La reconnaissance des violences sexuelles pâtit
irrémédiablement de ces inégalités : jusqu’en 2006, la définition du viol était
très restrictive et de ce fait ne couvrait qu’un nombre limité de situations,
excluant de facto de nombreux cas. Grâce à une documentation de plus en
plus exhaustive sur les faits commis entre 1993 et 2003, la législation a pu
avancer en la matière et certains vides juridiques ont pu être comblés : la
révision de la législation pénale de 2006 a entre autre permis d’introduire de
nouveaux crimes de violences sexuelles dans le droit congolais (le viol avec
objets par exemple) et a donc participé à criminaliser les viols commis à une
large échelle. Toutefois, son impact n’est que partiel car ces nouvelles lois
ont vocation à s’appliquer uniquement à la période s’étendant de 1993 à 2003.
La RDC fait donc face à de nombreux défis au niveau normatif.

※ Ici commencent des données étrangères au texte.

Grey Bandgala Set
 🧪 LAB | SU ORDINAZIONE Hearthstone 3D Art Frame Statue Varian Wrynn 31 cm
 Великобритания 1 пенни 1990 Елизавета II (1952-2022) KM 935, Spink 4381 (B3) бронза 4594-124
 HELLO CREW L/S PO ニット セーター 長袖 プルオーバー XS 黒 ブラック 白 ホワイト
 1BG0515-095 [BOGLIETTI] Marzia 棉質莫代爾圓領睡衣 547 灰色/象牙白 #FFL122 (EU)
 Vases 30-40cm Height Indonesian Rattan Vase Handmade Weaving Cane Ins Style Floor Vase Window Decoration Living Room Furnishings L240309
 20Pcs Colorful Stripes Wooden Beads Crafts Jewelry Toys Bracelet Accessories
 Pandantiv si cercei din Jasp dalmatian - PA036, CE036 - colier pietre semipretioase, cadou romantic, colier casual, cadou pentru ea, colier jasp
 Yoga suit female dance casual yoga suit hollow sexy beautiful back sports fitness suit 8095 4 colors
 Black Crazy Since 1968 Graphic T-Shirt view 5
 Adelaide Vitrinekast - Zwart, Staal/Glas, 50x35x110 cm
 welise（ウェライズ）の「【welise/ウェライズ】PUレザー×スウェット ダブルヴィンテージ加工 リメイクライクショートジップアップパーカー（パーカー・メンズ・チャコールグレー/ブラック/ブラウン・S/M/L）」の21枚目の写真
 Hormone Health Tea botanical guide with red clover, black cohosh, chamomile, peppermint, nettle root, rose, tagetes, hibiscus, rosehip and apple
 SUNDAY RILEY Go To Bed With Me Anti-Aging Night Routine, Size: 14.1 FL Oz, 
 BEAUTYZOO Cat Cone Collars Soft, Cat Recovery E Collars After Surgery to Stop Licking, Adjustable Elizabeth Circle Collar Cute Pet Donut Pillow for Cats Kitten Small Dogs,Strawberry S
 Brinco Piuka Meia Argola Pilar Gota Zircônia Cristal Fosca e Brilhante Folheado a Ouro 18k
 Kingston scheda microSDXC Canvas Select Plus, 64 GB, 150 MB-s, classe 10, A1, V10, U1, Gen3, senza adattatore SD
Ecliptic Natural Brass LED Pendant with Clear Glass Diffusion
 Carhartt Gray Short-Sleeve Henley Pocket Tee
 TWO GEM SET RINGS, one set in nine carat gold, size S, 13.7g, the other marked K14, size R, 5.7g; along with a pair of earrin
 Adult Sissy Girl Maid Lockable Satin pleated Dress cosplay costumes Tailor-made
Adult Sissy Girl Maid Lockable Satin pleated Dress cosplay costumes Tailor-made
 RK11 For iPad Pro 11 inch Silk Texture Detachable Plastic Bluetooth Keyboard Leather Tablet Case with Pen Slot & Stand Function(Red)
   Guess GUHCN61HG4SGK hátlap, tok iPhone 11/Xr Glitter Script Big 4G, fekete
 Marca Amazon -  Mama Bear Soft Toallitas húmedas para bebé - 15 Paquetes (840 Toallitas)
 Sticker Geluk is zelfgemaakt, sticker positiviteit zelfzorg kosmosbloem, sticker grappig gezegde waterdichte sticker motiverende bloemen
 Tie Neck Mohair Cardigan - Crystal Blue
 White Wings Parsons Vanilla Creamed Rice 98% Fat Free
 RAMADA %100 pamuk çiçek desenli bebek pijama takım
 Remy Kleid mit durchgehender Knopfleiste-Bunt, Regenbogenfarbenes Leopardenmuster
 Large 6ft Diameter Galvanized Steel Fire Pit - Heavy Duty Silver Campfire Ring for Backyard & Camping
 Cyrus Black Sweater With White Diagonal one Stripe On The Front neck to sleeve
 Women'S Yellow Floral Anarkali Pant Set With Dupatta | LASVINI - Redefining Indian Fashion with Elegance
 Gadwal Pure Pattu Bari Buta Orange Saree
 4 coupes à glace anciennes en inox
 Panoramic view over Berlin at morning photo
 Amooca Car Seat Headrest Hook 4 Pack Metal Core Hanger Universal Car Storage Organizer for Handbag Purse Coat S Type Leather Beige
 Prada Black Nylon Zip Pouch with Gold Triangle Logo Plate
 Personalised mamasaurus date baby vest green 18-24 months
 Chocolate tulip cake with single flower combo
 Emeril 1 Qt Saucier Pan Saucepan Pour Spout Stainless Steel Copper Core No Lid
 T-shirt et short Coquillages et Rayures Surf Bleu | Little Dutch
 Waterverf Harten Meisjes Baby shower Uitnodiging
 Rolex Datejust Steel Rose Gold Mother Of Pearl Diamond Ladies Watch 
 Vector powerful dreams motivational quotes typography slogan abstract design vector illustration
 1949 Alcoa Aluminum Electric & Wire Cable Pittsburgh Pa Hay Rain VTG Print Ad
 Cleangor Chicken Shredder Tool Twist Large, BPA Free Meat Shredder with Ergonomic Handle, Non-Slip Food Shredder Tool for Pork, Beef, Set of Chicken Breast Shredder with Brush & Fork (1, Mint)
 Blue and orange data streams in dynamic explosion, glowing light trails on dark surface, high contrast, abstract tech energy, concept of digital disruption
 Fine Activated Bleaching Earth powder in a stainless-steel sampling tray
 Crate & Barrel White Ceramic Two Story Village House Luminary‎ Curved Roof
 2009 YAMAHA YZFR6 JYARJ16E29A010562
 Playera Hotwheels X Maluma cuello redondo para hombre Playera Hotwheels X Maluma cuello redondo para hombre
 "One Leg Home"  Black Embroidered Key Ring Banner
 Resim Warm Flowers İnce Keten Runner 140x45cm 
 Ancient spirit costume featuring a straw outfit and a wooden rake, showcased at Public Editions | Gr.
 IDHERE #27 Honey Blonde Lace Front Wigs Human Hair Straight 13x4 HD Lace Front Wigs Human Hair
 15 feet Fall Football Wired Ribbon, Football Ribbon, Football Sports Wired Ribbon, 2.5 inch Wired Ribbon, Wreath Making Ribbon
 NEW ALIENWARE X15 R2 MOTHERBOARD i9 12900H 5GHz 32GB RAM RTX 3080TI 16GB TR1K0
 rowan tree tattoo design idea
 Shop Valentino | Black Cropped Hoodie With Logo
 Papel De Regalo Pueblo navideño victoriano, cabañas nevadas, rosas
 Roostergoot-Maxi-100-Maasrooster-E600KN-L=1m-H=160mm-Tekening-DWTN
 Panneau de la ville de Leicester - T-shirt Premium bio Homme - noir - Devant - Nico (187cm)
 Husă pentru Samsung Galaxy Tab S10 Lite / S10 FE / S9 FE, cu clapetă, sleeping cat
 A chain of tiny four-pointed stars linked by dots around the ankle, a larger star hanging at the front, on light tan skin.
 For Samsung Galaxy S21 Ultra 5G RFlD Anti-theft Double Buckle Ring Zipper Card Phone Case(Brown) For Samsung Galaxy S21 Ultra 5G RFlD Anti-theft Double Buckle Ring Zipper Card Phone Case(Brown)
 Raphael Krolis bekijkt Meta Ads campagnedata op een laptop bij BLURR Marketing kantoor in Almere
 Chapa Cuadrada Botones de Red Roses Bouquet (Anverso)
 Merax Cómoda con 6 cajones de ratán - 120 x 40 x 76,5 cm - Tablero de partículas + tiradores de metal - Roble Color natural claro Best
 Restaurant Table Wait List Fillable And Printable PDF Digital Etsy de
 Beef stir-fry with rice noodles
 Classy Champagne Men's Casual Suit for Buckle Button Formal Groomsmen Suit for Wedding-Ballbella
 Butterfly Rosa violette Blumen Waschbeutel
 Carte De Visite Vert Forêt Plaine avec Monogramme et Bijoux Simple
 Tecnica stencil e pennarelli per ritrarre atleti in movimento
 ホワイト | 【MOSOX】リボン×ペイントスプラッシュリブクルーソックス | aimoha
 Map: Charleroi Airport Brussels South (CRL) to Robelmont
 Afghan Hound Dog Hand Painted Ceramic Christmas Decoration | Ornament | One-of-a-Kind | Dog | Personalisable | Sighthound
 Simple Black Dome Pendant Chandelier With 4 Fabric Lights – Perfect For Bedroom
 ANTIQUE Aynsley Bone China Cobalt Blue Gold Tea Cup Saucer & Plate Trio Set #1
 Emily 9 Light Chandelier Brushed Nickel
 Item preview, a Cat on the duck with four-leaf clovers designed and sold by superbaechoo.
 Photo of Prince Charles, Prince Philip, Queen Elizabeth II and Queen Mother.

Sur le plan international, la situation inquiète
évidemment. En réaction à l’accroissement des violences et la défaillance du
système judiciaire, des opérations de soutien ont pu émerger – en témoigne la
création d’EUPOL RD CONGO (sur initiative européenne), mission
d’assistance, d’encadrement, d’appui et de conseil aux autorités congolaises
pour la réforme du secteur de la sécurité. Cette réforme comprend la
restructuration de la police qui a pendant longtemps été employée au service du
pouvoir politique (sous Mobutu par exemple) et non au service de la protection
des citoyens. L’objectif sur le long terme est donc de garantir un État de
droit, de protéger les droits de l’homme et d’instaurer un lien de confiance
avec la population.
Face à la défaillance de l’État et plus
précisément l’ineffectivité de la justice, des structures alternatives sont
mises en place afin d’aider les victimes dans leur reconstruction.